WHAT TO WORK ON:
From the first line to the last, give the material again exactly, without the images.

MATERIAL PROVIDED:
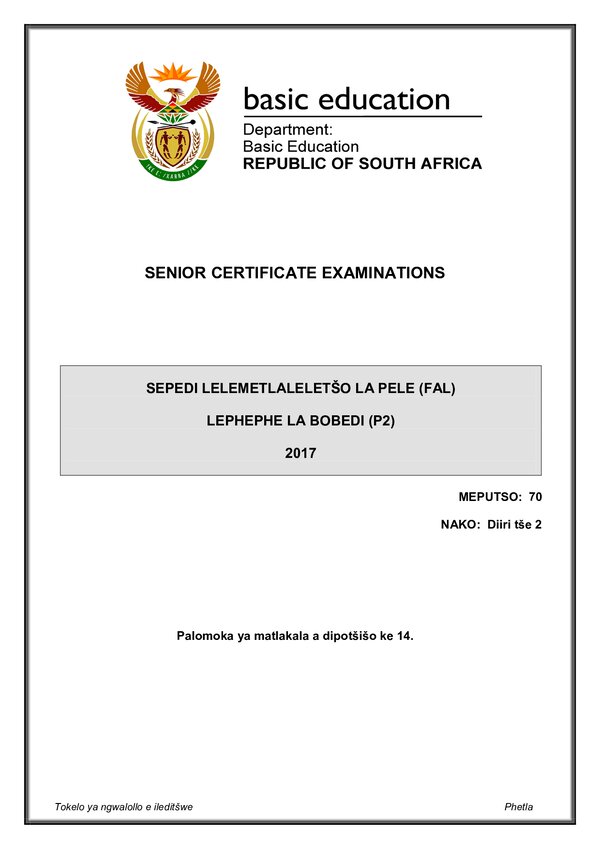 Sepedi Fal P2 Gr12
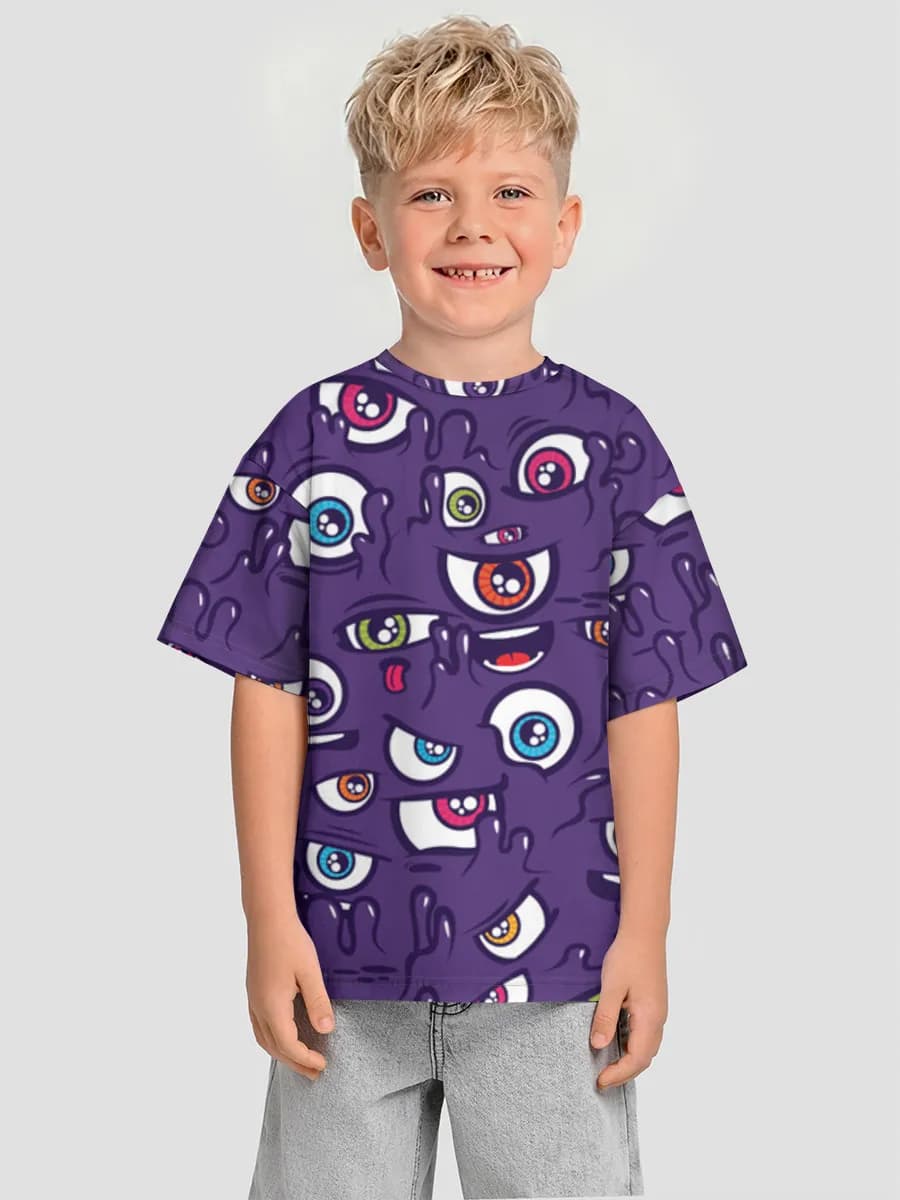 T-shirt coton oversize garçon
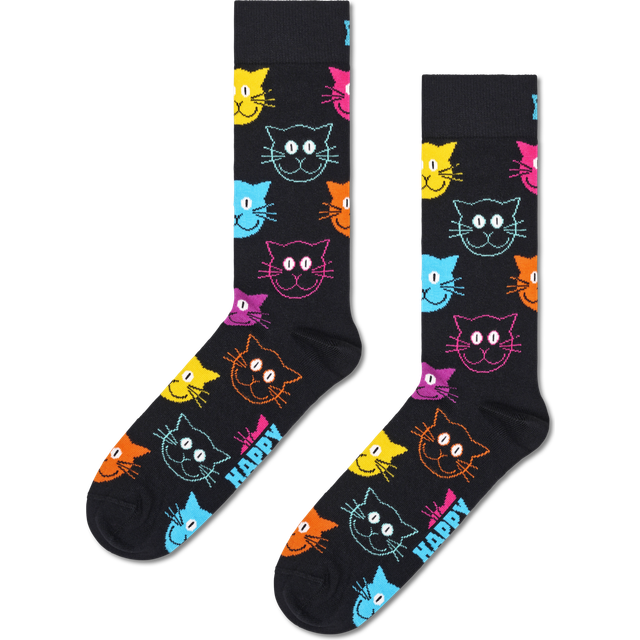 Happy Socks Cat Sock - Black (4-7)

SOLUTION FOR THIS PROBLEM:
 Sepedi Fal P2 Gr12
 T-shirt coton oversize garçon
 Happy Socks Cat Sock - Black (4-7)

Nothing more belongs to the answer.